Asynchronous Decentralized Federated Lifelong Learning (ADFLL)

This project introduces the Asynchronous Decentralized Federated Lifelong Learning (ADFLL) framework, an innovative approach to federated learning that addresses the limitations of synchronous training schedules and the lack of lifelong learning in conventional machine learning frameworks for medical applications. ADFLL enables asynchronous and continual learning across agents, allowing them to leverage both their own experiences and knowledge shared by others. The framework was evaluated using deep reinforcement learning (DRL) for landmark localization tasks across diverse imaging modalities, orientations, and sequences. Experimental results demonstrated that ADFLL outperforms baseline models in collaborative learning, showing superior performance on both in-distribution and out-of-distribution test sets. This robust, efficient, and flexible framework is well-suited for deployment in real-world applications requiring privacy-preserving and lifelong collaborative learning. Paper published in Medical Imaging with Deep Learning (MIDL) 2024, Towards a Collective Medical Imaging AI: Enabling Continual Learning from Peers. Github repo: https://github.com/guangyaoz/ADFLL.

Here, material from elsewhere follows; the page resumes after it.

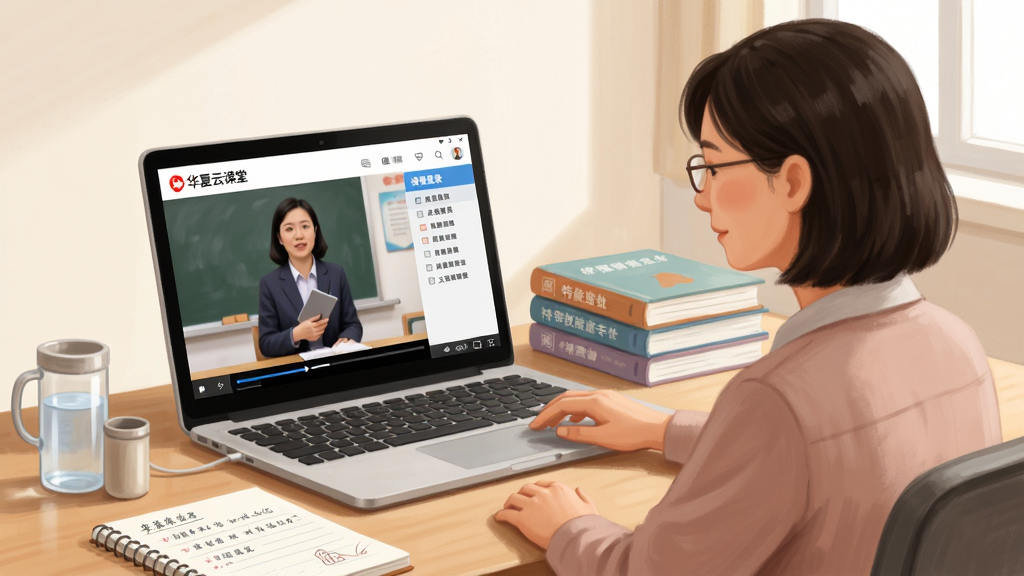 画面主体为一位特教老师坐在书桌前使用笔记本电脑观看“华夏云课堂”课程视频,屏幕中显示讲师授课画面与课程目录侧边栏。书桌上摆放着笔记本、水杯与一摞特教专业书籍。整体风格为写实插画,色调柔和明亮,细节包含屏幕中的“华夏云课堂”标识、课程进度条、笔记记录本,画质细腻干净,无多余元素。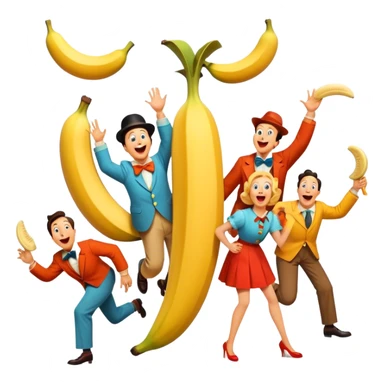 A vintage movie poster-style design featuring slapstick humor elements—funny characters in exaggerated poses, oversized props, and bright colors. Include elements like pies in faces, a falling banana peel, and cheerful expressions. Retro cinematic style. Transparent background. sticker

To further enhance the efficiency of the ADFLL framework, we integrate a reward distribution-preserving coreset compression technique for selective experience replay buffers. This method compresses stored experiences, reducing computational overhead while maintaining the model’s ability to mitigate catastrophic forgetting. Evaluated on tasks such as ventricle localization in the BRATS dataset and landmark localization in whole-body MRI, the compressed lifelong learning models demonstrated competitive performance with minimal impact on accuracy. For instance, the 10x compressed models achieved mean pixel distances close to conventional lifelong learning models, highlighting the viability of coreset compression in resource-constrained settings. This addition reinforces ADFLL’s scalability and adaptability to real-world applications. Paper published in Medical Imaging with Deep Learning (MIDL) 2023, Selective experience replay compression using coresets for lifelong deep reinforcement learning in medical imaging.

To further address the challenges of deploying the ADFLL framework on low-compute edge devices in rapidly evolving imaging environments, we developed three image coreset algorithms for compressing and denoising medical images in selective experience replay. These include neighborhood averaging, neighborhood sensitivity-based sampling, and maximum entropy coresets, which achieve 27x compression while maintaining strong performance in localizing anatomical landmarks on DIXON water and fat MRI images. Notably, the maximum entropy coreset outperformed conventional lifelong learning models with an average distance error of 11.97±12.02 compared to 19.24±50.77, showcasing its potential to enhance efficiency and adaptability in real-world medical imaging applications. Paper on arXiv: A framework for dynamically training and adapting deep reinforcement learning models to different, low-compute, and continuously changing radiology deployment environments.

This project is funded by DARPA, part of the Shared Experience Lifelong Learning (ShELL) program. Collectively, we have published a paper on Nature Machine Intelligence, A collective AI via lifelong learning and sharing at the edge.